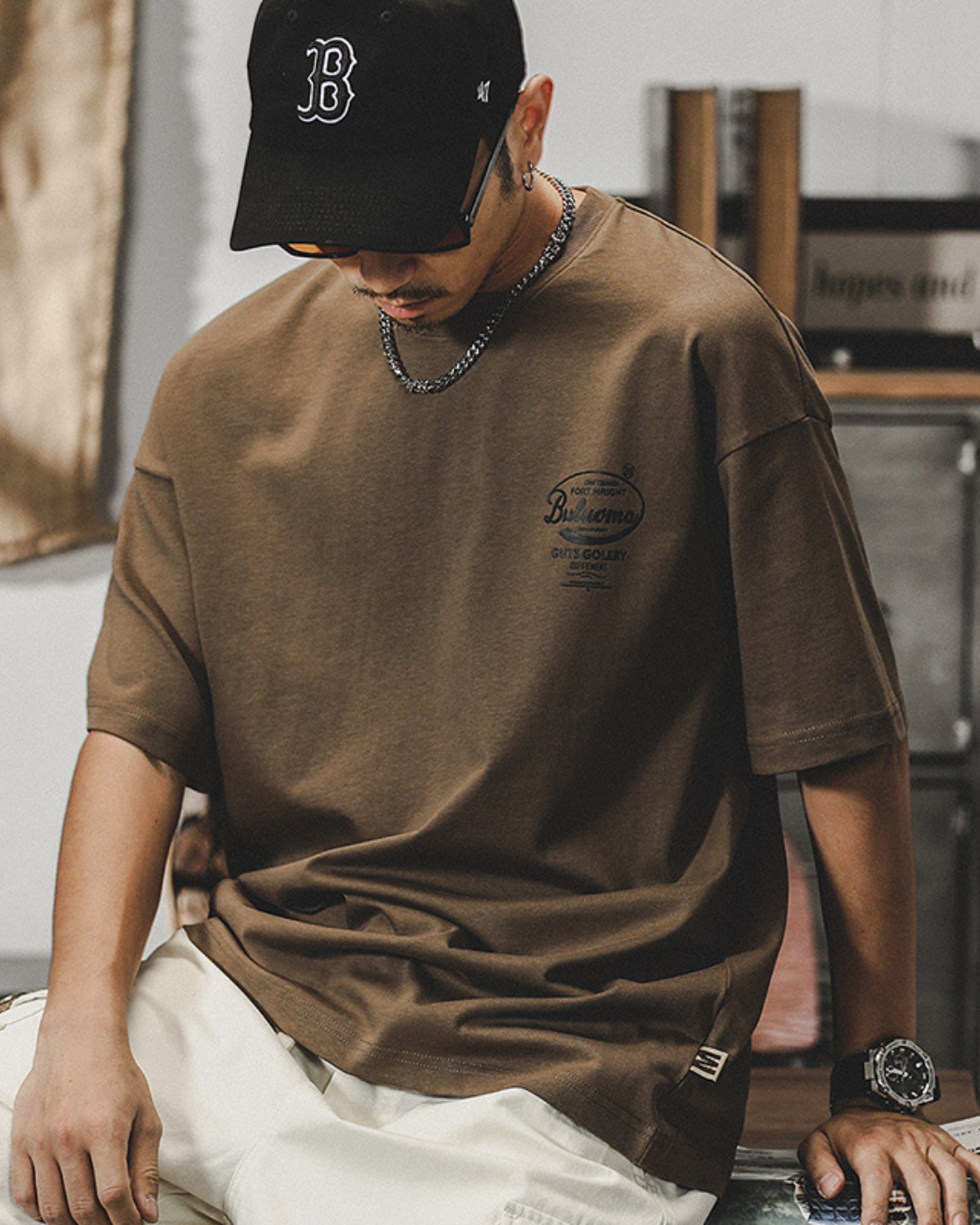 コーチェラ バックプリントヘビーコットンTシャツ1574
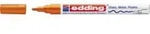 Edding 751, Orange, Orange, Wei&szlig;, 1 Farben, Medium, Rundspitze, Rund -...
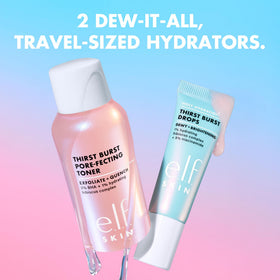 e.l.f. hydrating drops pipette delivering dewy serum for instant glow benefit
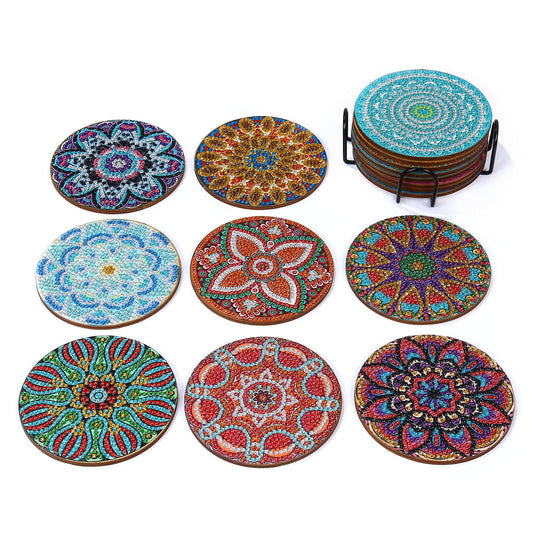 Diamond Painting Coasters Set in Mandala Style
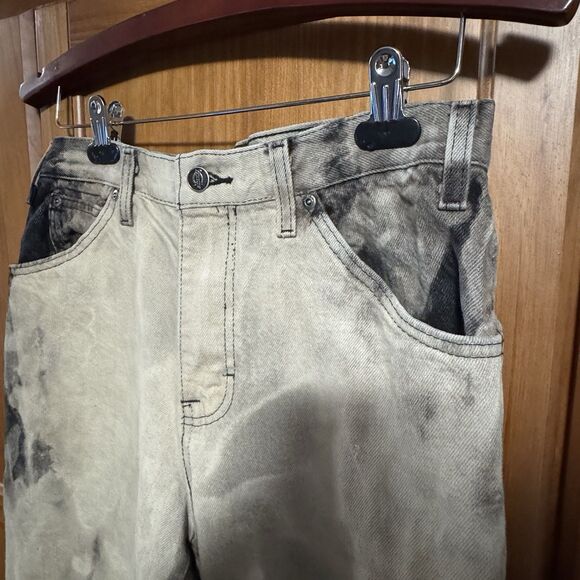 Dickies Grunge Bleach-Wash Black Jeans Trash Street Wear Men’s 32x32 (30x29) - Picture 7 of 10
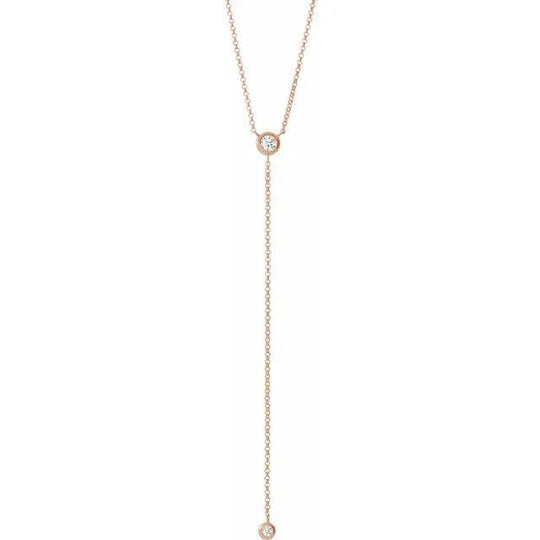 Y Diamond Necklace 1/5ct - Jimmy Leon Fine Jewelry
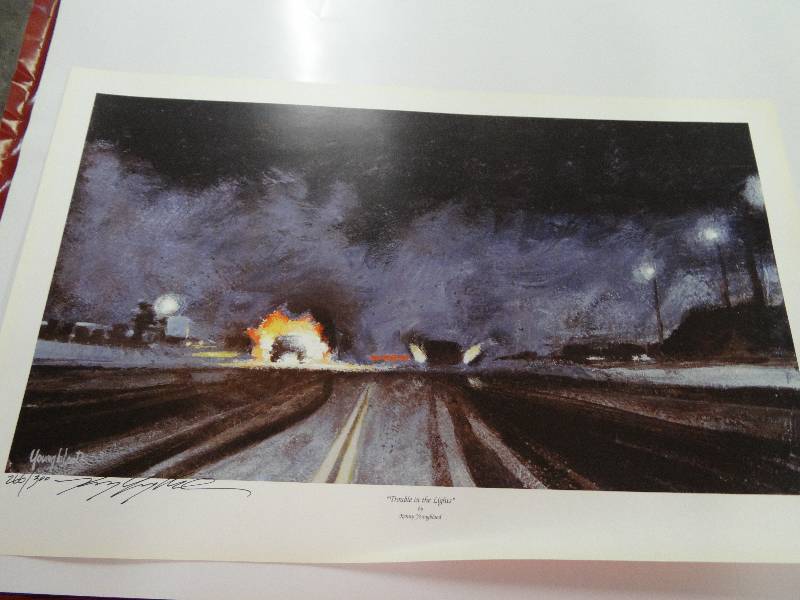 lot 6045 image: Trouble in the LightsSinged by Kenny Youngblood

WHAT NEEDS TO BE DONE:
Return the full listing exactly as written, without any of its images.

TASK ANSWER:
 コーチェラ バックプリントヘビーコットンTシャツ1574
 Edding 751, Orange, Orange, Wei&szlig;, 1 Farben, Medium, Rundspitze, Rund -...
 e.l.f. hydrating drops pipette delivering dewy serum for instant glow benefit
 Diamond Painting Coasters Set in Mandala Style
 Dickies Grunge Bleach-Wash Black Jeans Trash Street Wear Men’s 32x32 (30x29) - Picture 7 of 10
 Y Diamond Necklace 1/5ct - Jimmy Leon Fine Jewelry
 lot 6045 image: Trouble in the LightsSinged by Kenny Youngblood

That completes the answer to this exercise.